Administrative body for Lithuania

The Duchy of Courland, Semigallia and Pilten (Note: * Duché de Courlande, Semigallia et Piltene
- Herzogtum Kurland, Semgallen und Piltene
- Kurzemes, Zemgales un Piltenes hercogiste) was a short-lived client state of the First French Empire in the Baltics, mostly comprising Courland and Semigallia in modern-day Latvia. It was founded on 1 August 1812, during the French invasion of Russia, from the territory of the Courland Governorate, and existed until 20 December 1812. Its capital was set in Jelgava.

== History ==
On 19 June 1812, during the French invasion of Russia, on the territories of modern-day Belarus and Lithuania occupied by the French troops, was founded the client state of the Grand Duchy of Lithuania. On 9 July 1812, emperor Napoleon Bonaparte declared in Vilnius his intention of restoring historical Duchy of Courland and Semigallia and the Duchy of Livonia. On 18 July, the 10th Corps of the Grand Army, commanded by marshal Étienne Macdonald, have occupied the town of Bauska, and the next day, it have defeated the Russian troops in the battle of Ekau. On 20 July, the administration of the Courland Governorate, including its governor Friedrich Wilhelm von Sivers, had fled the territory.

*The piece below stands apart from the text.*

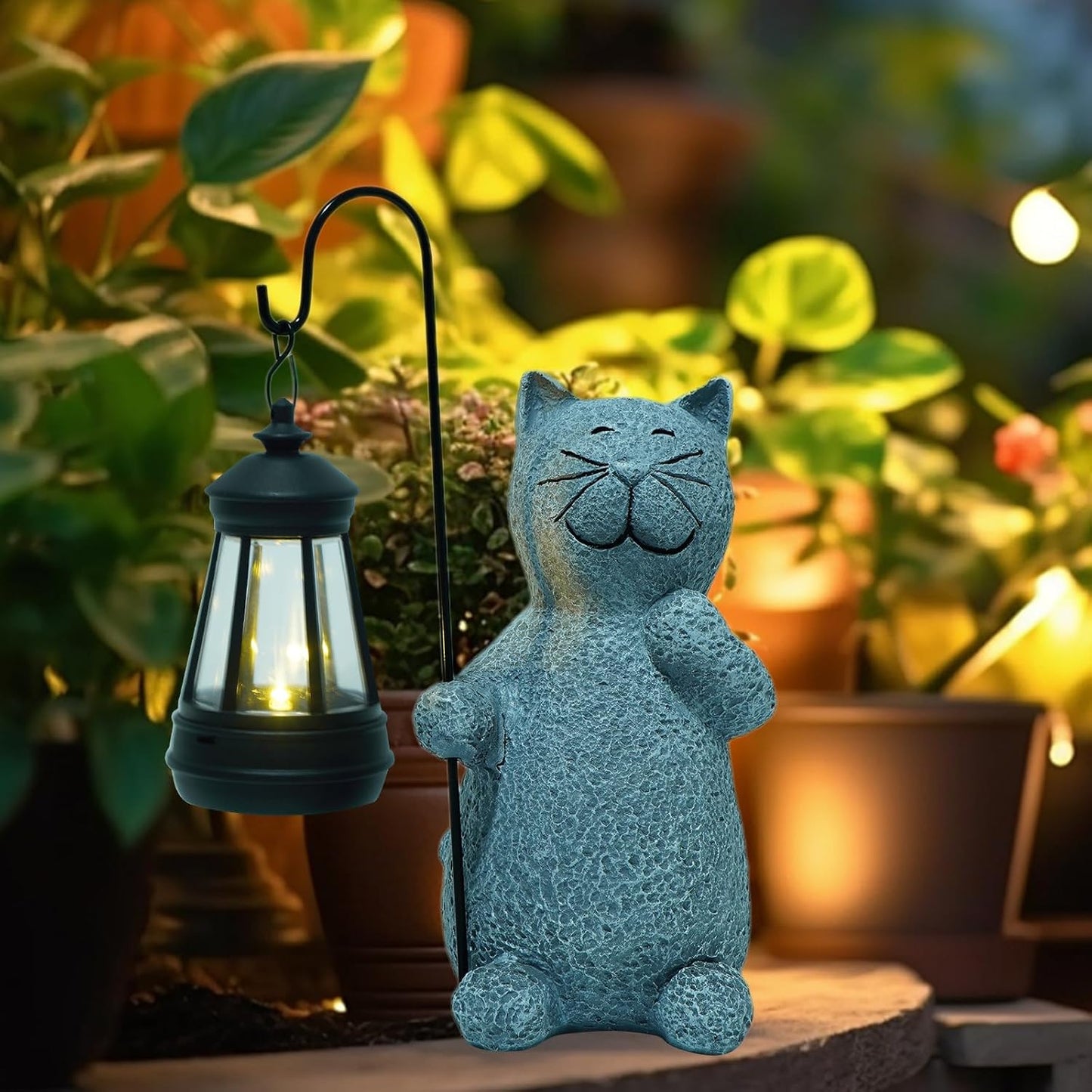 Solar Cat Garden Statues with LED Lights, Outdoor Decor for Patio Yard Balcony - Unique Housewarming Birthday Gifts for Women Mom Grandma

On 1 August 1812, a decree was issued, announcing the formation of the Duchy of Courland, Semigallia and Pilten, with the capital in Jelgava, and the boundaries of the former governorate. Karl Johann Friedrich von Medem was elected as the head of government, with Diedrich Ernst von Schöppingk and Wilhelm Rüdiger becoming his advisers, and Georg Benedict von Engelhardt being appointed the prosecutor. On 26 August, by the order of duke Hugues-Bernard Maret, in Jelgava and Liepāja were established French consulates. On 8 October, general Jacques David Martin de Campredon was appointed as the Governor-General of Courland.

On 28 November, marshal Macdonald received news of the retreat of Napoleon's main forces from Russia and ordered his troops to withdraw from Courland. He himself left on 5 December, while the French-appointed officials left on 7 December. The state ceased to exist on 20 December, with the departure of the French forces. Its territory was reincorporated into Russia as the Courland Governorate.